Video Screencast Help

Netbackup Appliance Slow Rehydration to tape and bad backup performance

Created: 28 Aug 2014 • Updated: 29 Aug 2014 | 12 comments

Help! Netbackup Appliances 5230 2.6.0.2.  One of our appliances houses ms-standard windows all local drives backups and vmware snapshot backups.  Backups run at good speeds however as soon as we start our slps to copy the data from the msdp to tape the backups get extremely slow to barely moving and the copy to tape is slow.  As soon as we kill off the slps backup speed goes back up again.  We have a case opened and backline engineers have taken a look and we were told that is expected as the rehydration process tapeouts is slowing things down.  We turned our max concurrent write drives to 4 and set our slp schedule to daytime to not affect nighttime backups however with these settings we will never get the month-end to tape done.  

We thought of a couple other options

1.  backup to advanced disk then slp to msdp and or tape-issue here is we would need to buy more trays but even more important I think we would lose some features in Netbackup.  last I checked netbackup accelerator doesnt work to advanced disk(I need to double-check)
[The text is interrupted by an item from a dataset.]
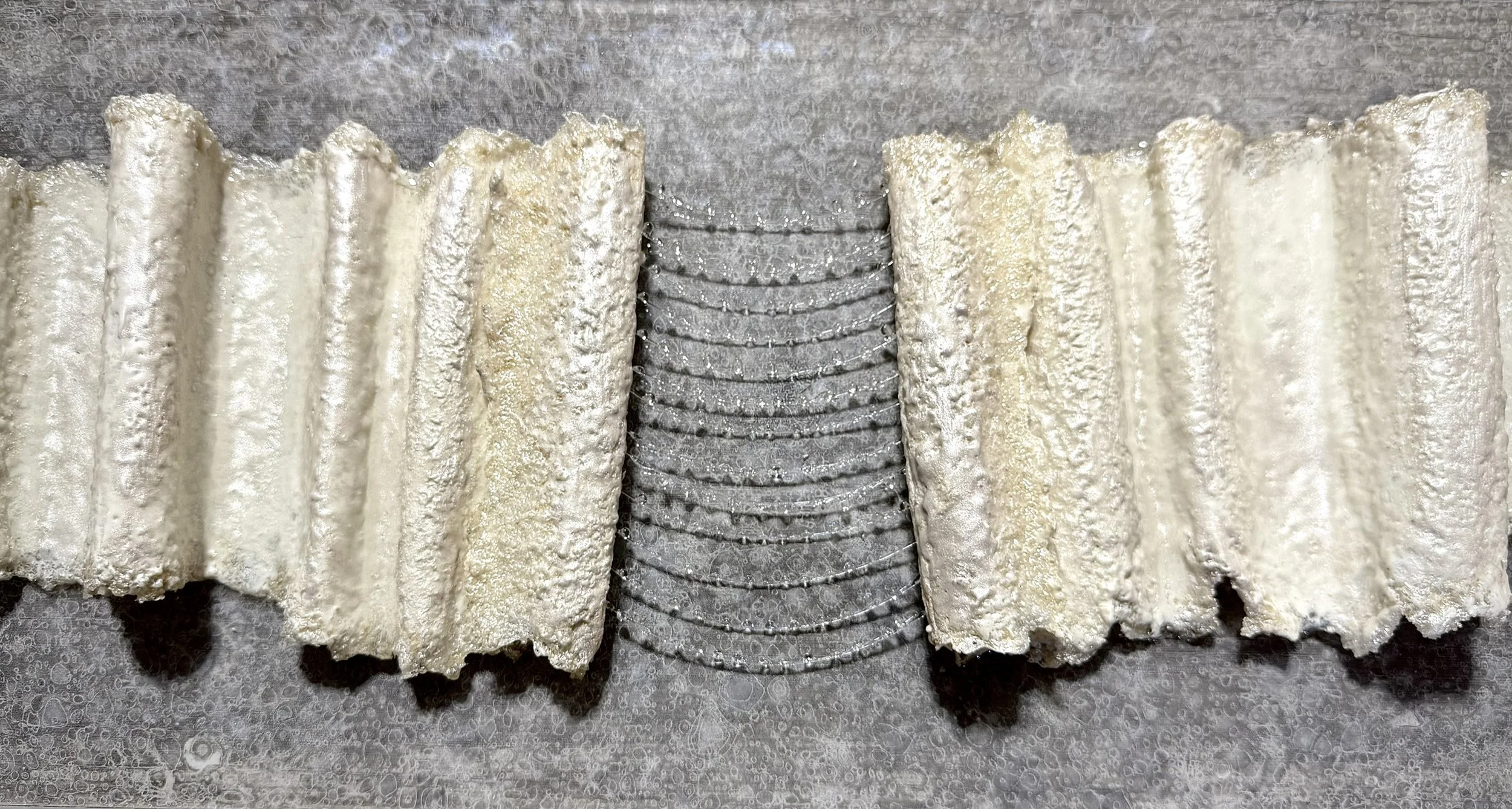 image1 (1).jpeg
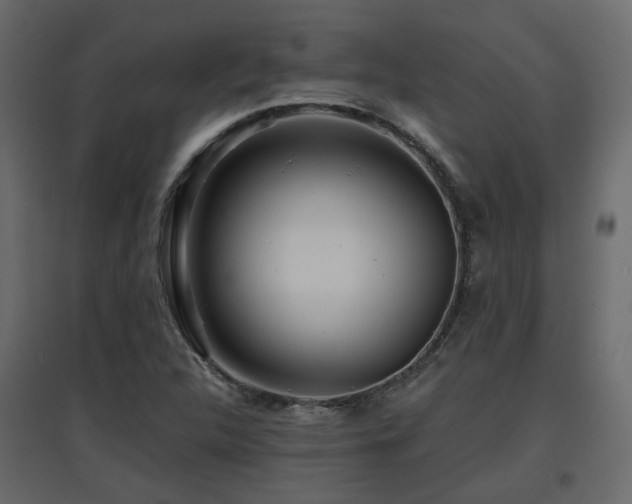 X0000097761312200803071246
2. inline tape copies-during month-end use inline tape copies to backup to msdp and tape, issue is speed will be run as the slowest backup between the two but that might be okay if the speed is good.

 

Does anyone have any suggestions on this and been through this?  Thanks.

Operating Systems:

Comments 12 CommentsJump to latest comment

SymTerry's picture

Rehydration to tape was my first thought too.

You correct on accelerator with advanced disk. The Accelerator feature is not compatible with the following backup options.

  • Storage units of type Basic Disk, Advanced Disk, or Tape.
  • Client side encryption or compression.
  • Backup Selections that specify a UNC path are supported in NB 7.5.0.1 and higher.
  • Mapped drives are compatible, but are not enabled for NTFS change journal.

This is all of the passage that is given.